Itu pula yang membuat kita tidak perlu mengernyitkan dahi ketika gerombolan fan Chelsea bertindak rasis di Paris musim lalu. Atau John Terry yang melakukan pelecehan rasialis terhadap Anton Ferdinand.
Selain rasis, mereka juga keras kepala dan bergengsi tinggi. Satu sifat asli para Englishman, yang tampaknya menular ke Arsene Wenger dalam sepuluh tahun terakhir ini.
Gengsi yang membawa Neville menapaki karier pelatih profesional pertamanya di Valencia. Dan gengsi pula yang mengantarkannya pulang ke Inggris dengan catatan yang kelewat memalukan daripada David Moyes selama di Real Sociedad.
Dan anehnya, publik Inggris menerima kembalinya Neville setelah periode bebal di Valencia dan menyambutnya pulang seperti Raja Richard yang pulang dari medan perang membawa kemenangan besar. Keberanian Neville dipuja setinggi langit, tapi sayangnya, mata publik Inggris tertutup rapat untuk mengetahui bahwa Neville hampir tidak melakukan apa pun selama di Valencia.
Satu yang jelas, dalam bingkai taktikal pun, Neville hampir tidak melakukan apa pun untuk memperbaiki skuat warisan Nuno Espirito Santo ini.
Merombak jabatan kapten adalah satu tindakan konyol. Anak maniak Football Manager pun tahu bahwa merombak jabatan kapten di tim bagi pelatih baru adalah satu upaya tolol.
Disusul dengan memainkan kembali Alvaro Negredo ketimbang Paco Alcacer di awal kedatangannya makin melengkapi kekonyolan yang dilakukan Neville kemudian. Dan yang paling pokok, isu taktikal Neville adalah yang terburuk.
Acapkali ia memainkan 4-2-3-1 atau 4-3-3 dan mengorbitkan beberapa pemain muda potensial, salah satunya Santi Mina dan Danilo Barbosa. Tapi itu saja tidak cukup.
Pelatih, adalah tonggak utama sebuah tim. Ia memerlukan filosofi yang jelas akan ke mana sepak bola timnya ini nanti dimainkan. Louis Van Gaal membual tentang filosofinya, membuatnya tersingkir dari Liga Champions, lalu berlanjut dengan terbuang dari Europa League, tapi Van Gaal tidak atau belum dipecat, setidaknya, karena ia punya filosofi yang jelas, walau belum memberi efek maksimal.

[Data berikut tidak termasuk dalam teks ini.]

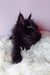 Fluffy black Maine Coon kitten from Grafinya looking adorable and playful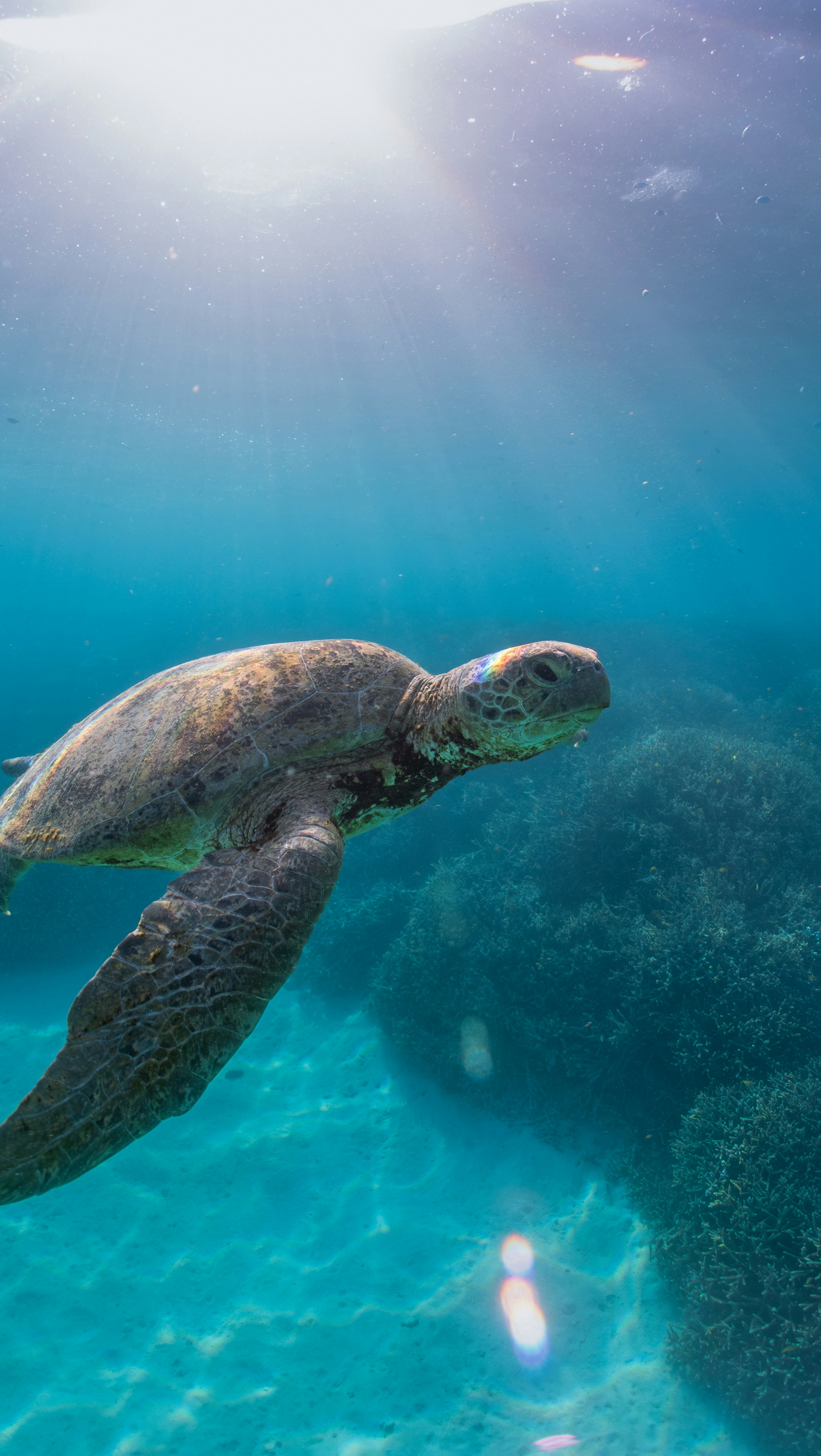 A sea turtle swims underwater in sunlight.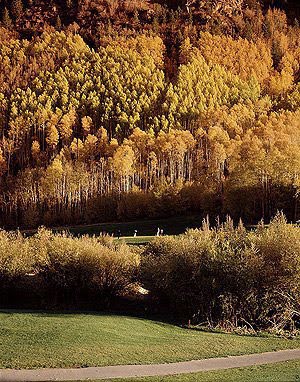 [Full_04-aspens-over-vail.jpg]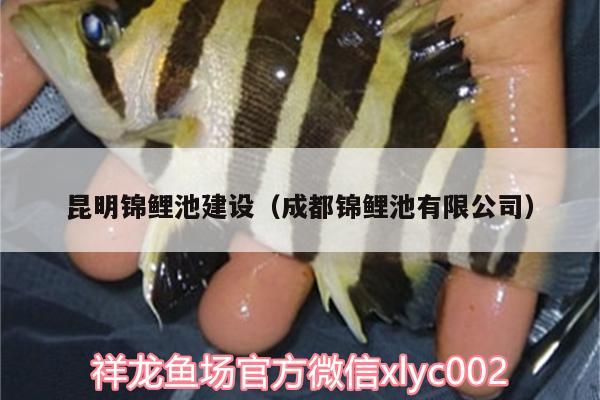 昆明錦鯉池建設(shè)（成都錦鯉池有限公司） 雙線側(cè)魚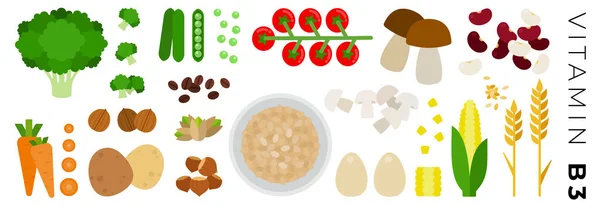 Vitamine B3 aliments vecteur plat icônes ensemble. Isolé sur blanc . — Image vectorielle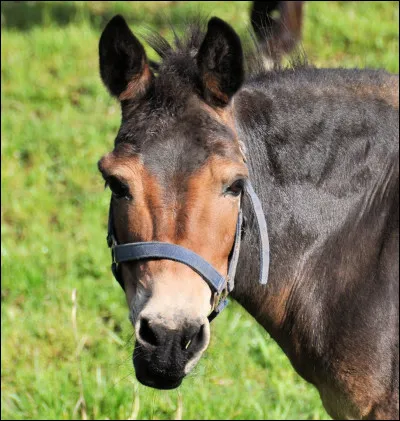Quest-ce que le bardot ?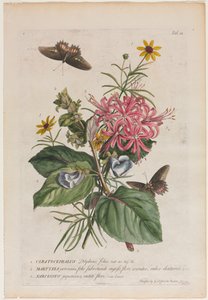 Plantae et papiliones rariores: No. 9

Dan Neville sama sekali tidak menunjukkan itu di Valencia. Ia menurunkan komposisi bermain timnya dengan berbasis pada apa yang ia yakini benar, tanpa sebuah gameplan yang jelas. Tanpa sebuah arah yang pasti.
Valencia memainkan sepak bola sporadis yang begitu populer dimainkan bertahun-tahun oleh Stoke City di era Tony Pulis dan Hull City-nya Steve Bruce. Konyolnya lagi, Neville pernah memainkan sepak bola model itu di hadapan tim terbaik planet ini, FC Barcelona di Camp Nou. Luar biasa. Saya kehabisan kata-kata menjelaskan kondisi menakjubkan ini.
Satu-satunya instruksi yang mungkin diberikan Neville untuk para pemain Valencia jelang pertandingan tiap pekannya mungkin seperti, “Oi barudaks, maneh main kumaha maneh welah, lepaskeun dan liarkeun tong aya beban, (Oi teman-teman, kalian mainnya gimana kalian sajalah, lepasin, liarin, dan jangan ada beban, red.),” Sebuah instruksi yang sangat Inggris sekali.
Neville, mungkin percaya bahwa semangat dan kepercayaan khas orang Inggris tentang kerja keras dan daya juang akan memberi kemenangan. Mungkin, dongeng kehebatan Geoff Hurst dkk di Piala Dunia 1966, keajaiban di Camp Nou 1999, serta malam surealis di Istanbul 2005 lalu masih membekas di benaknya.
Hardworks never betray you. Well, itu benar, kalau Anda seorang motivator ulung yang memberi semangat kepada segerombolan anak muda bawah umur yang depresi. Tapi, ini sepak bola. Permainan menyenangkan yang dibingkai dengan taktik dan perhitungan yang presisi.
Dan satu yang jelas, Valencia bukan tim Inggris. Mungkin, Gary Neville membayangkan Valencia sebagai Aston Villa atau Norwich City, entahlah, yang jelas bayangan Neville itu buram dan tak tentu arah.
Kini Gary Neville mudik dini ketika Lebaran masih jauh dari pandangan. Dan mungkin, ia akan diproyeksikan menukangi timnas Inggris setelah Roy Hodgson keluar nantinya.
Di titik ini, harusnya kita sejenak sadar, bahwa inilah Inggris, di mana hidup sebagai penggemar sepak bola, terkadang memang perlu ditertawakan.
Andai hidup sebagai manajer semudah save dan load game di Football Manager ya, Gary?